I am facing this problem in puppeteer in a for loop when i go on another page to get data, then when i go back it comes me this error line:

Error "We have an error Error: the execution context was destroyed, probably because of a navigation."

It's a directory page that contains 15 companies per page and then I want to visit each company to get information.

try {
    const browser = await pupputer.launch({
        headless: false,
        devtools: true,
        defaultViewport: {
            width: 1100,
            height: 1000
        }
    });

    const page = await browser.newPage();
    await page.goto('MyLink');

    await page.waitForSelector('.list-firms');

    for (var i = 1; i < 10; i++) {

        const listeCompanies = await page.$$('.list-firms > div.firm');

        for (const companie of listeCompanies) {

            const name = await companie.$eval('.listing-body > h3 > a', name => name.innerText);
            const link = await companie.$eval('.listing-body > h3 > a', link => link.href);

            await Promise.all([
                page.waitForNavigation(),
                page.goto(link),
                page.waitForSelector('.firm-panel'),
            ]);

            const info = await page.$eval('#info', e => e.innerText);

            const data = [{
                name: name,
                information: info,
            }];

            await page.goBack();

        }
        await Promise.all([
            page.waitForNavigation(),
            page.click('span.page > a[rel="next"]')
        ]);
    }
} catch (e) {
    console.log('We have error', e);
}

I managed to only get the data of the first company.

1 Answers

2
Thomas Dondorf On Best Solutions

Problem

The error means that you are accessing data which has become obsolete/invalid because of navigation.

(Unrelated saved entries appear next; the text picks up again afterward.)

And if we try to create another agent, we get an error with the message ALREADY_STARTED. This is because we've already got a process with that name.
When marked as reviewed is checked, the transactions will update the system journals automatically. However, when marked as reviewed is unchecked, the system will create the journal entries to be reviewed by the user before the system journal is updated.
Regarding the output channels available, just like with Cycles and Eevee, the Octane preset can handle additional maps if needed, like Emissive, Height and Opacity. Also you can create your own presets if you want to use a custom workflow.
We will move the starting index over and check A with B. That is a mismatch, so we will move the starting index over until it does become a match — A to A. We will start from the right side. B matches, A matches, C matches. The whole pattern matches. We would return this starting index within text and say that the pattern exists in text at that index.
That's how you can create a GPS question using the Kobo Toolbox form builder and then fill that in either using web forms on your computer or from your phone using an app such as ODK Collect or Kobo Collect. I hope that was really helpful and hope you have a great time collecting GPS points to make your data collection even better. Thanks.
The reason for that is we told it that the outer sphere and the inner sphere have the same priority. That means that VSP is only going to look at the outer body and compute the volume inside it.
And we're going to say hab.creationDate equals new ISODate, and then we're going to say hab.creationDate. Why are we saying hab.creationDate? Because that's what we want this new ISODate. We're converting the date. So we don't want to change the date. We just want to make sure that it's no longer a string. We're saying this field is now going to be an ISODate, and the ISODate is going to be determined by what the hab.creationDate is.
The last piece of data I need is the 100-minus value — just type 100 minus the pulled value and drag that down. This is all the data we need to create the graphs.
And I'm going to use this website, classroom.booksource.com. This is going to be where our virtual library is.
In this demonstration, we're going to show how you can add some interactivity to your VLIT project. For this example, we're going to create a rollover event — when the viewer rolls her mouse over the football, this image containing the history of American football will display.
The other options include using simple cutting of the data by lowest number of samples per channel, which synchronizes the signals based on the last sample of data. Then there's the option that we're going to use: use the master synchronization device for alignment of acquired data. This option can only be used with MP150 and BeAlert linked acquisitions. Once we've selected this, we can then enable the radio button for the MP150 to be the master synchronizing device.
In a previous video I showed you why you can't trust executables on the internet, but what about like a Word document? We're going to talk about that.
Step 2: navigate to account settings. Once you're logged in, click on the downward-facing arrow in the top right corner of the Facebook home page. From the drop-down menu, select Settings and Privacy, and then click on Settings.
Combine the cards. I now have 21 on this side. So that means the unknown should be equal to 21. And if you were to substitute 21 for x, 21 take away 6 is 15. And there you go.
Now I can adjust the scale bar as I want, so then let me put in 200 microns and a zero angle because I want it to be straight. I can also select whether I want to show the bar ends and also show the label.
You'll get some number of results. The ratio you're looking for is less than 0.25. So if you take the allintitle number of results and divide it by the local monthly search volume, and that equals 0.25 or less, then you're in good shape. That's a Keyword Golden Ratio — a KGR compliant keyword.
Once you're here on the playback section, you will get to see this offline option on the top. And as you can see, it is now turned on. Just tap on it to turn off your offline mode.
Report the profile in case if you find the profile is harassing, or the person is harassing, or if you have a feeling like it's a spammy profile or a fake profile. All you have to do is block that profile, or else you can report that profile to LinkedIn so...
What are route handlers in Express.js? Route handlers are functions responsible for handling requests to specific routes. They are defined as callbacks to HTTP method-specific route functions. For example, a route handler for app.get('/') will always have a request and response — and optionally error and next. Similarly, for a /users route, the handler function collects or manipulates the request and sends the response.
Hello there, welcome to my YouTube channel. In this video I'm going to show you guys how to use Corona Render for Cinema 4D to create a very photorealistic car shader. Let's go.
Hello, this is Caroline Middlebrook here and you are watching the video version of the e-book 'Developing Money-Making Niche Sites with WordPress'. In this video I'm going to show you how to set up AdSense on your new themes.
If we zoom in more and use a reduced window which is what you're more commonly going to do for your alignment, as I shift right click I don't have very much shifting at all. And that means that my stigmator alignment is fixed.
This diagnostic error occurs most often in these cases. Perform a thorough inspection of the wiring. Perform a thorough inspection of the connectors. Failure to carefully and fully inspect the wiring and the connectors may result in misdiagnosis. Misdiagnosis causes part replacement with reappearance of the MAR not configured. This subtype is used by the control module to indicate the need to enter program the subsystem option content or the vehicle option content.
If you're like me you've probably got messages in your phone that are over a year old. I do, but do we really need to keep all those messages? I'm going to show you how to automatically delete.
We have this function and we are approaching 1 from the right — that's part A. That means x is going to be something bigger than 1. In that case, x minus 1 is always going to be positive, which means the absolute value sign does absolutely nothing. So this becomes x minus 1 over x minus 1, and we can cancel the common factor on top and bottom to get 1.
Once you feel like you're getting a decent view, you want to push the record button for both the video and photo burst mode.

In your script the error references the variable listeCompanies:

const listeCompanies = await page.$$('.list-firms > div.firm');

You first, use this variable in a loop, then you navigate via page.goto and after that your loop tries to get the next item out of the variable listeCompanies. But after the navigation happened the element handles in that variable are not present anymore and therefore the error is thrown. That's also why the first iteration works.

Solution

There are multiple ways to fix this.

  1. Extract the data from your page at once (before using the loop)
  2. Use a second pageto do the "loop navigation" so that your main page does not need to navigate
  3. "Refresh" your variable by re-executing the selector after calling page.goBack

Option 1: Extract the data before entering the loop

This is the cleanest way to do it. You extract the information in the first page at once and then iterate over your extracted data. The nameLinkList will be an array with the name and link values (e.g. [{name: '..', link: '..'}, {name: '..', link: '..'}]). There is also no need to call page.goBack at the end of the loop as the data is already extracted.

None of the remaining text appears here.